Which One Should You Actually Buy
The buying decision comes down to use case more than brand loyalty. If your workload is primarily gaming with some productivity, and especially if that gaming skews toward competitive titles that run at high frame rates on lower graphics settings, the Core Ultra 9 285H delivers what you need with slightly better thermal management at sustained load. Intel’s platform also has broader OEM support right now, meaning more chassis options at different price points and form factors.
AMD’s HX 370 makes the stronger case for anyone who genuinely splits time between creative work and gaming. The multi-threaded performance advantage in rendering and encoding is real, the Zen 5 architecture handles complex open-world gaming well, and the NPU integration is ahead of Intel’s current offering for software that already takes advantage of it. The growing number of AI-accelerated features in games and creative tools means that NPU gap may become more relevant over the laptop’s lifespan than it is today.

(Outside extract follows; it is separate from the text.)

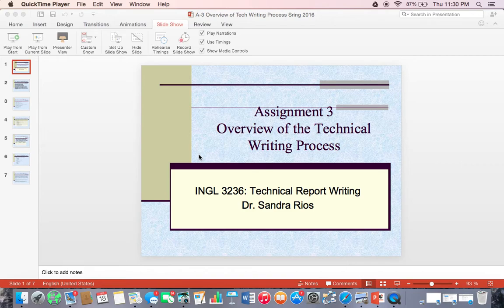Hello, my name is Dr. Sandra Rios and my purpose today is to give you a brief explanation about how to do Assignment 3: Overview of the Technical Writing Process.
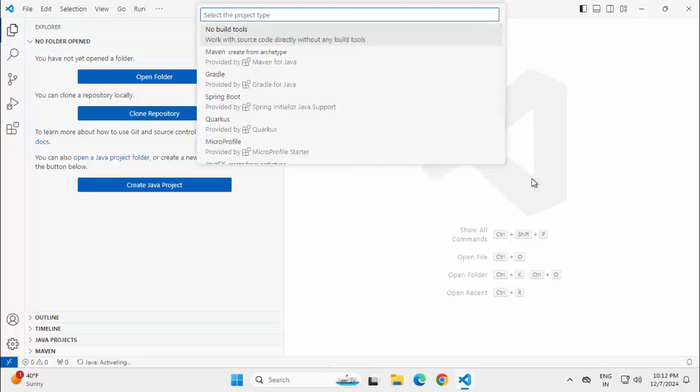Click on this. So, there are a couple of options: a simple Java project without any build tool, we can select Maven also. For this lesson, I am selecting the first option which is no build tool.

Battery life in gaming scenarios is roughly comparable between the two, with both platforms draining fast under discrete GPU load as expected. Where AMD holds a notable edge is in light workstation tasks on integrated graphics – the RDNA 3.5 iGPU in the HX 370 is meaningfully stronger than Intel’s Arc graphics on the 285H, which matters for portable use away from a power outlet.
The one scenario where this comparison gets complicated is resolution. At 1440p and especially 4K, the discrete GPU carries most of the rendering weight and the CPU differences shrink considerably – frame rates converge and the platform advantages become marginal. The real differentiation lives at 1080p and in CPU-bound workloads, which is exactly the territory workstation gaming laptops occupy most of the time.